Przemarsz nacjonalistów na Łotwie bez ekscesów
Co roku 16 marca w Rydze odbywają się tradycyjne uroczystości upamiętniające łotewski Legion, który podczas II wojny przy boku hitlerowskich Niemiec walczył przeciwko Sowietom. W 2016 roku odbyły się 4 związane z tym imprezy: były to pikiety przed ambasadami (niemiecką i rosyjską), dwie demonstracje w pobliżu Pomnika Wolności w centrum miasta i wydarzenie główne czyli pochód legionistów oraz ich zwolenników.
Ryska policja została postawiona w stan gotowości: w centrum miasta ustawiono bariery i wstrzymano ruch. Kolumnę narodowców w czasie marszu eskortowali żołnierze sił specjalnych.
Przed 16 marca łotewskie organy ścigania nie wpuściły do kraju dwóch prawników rosyjskiego propagandowego koncernu medialnego „Russia Today”, a także działaczy niemieckich organizacji antyfaszystowskich
Dwie małe pikiety pod ambasadami Rosji i Niemiec zgromadziły około 10 osób. Wszystko odbyło się spokojnie.
W zorganizowanej przez Komitet Antyfaszystowski kontrmanifestacji wzięło udział około 30 demonstrantów, wśród nich były szef organizacji, Iosif Koren i „łowca zbrodniarzy hitlerowskich” Efraim Zuroff.
W przemarszu narodowców uczestniczyło około 1000 osób.
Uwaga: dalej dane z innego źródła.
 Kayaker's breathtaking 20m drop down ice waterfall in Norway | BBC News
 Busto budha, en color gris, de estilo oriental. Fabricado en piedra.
Nie było wśród nich znaczących łotewskich polityków, prócz parlamentarzystów z „Narodowego Związku”.
Marsz odbył się bez incydentów, z wyjątkiem słownej potyczki między posłem Imantsem Paradnieksem i mężczyzną z flagą ukraińskiego batalionu „Azow”. Ukraińskiemu działaczowi nie pozwolono dołączyć do marszu. Zgody nie dostał także dziennikarz separatystycznych mediów z Donbasu Graham Phillips.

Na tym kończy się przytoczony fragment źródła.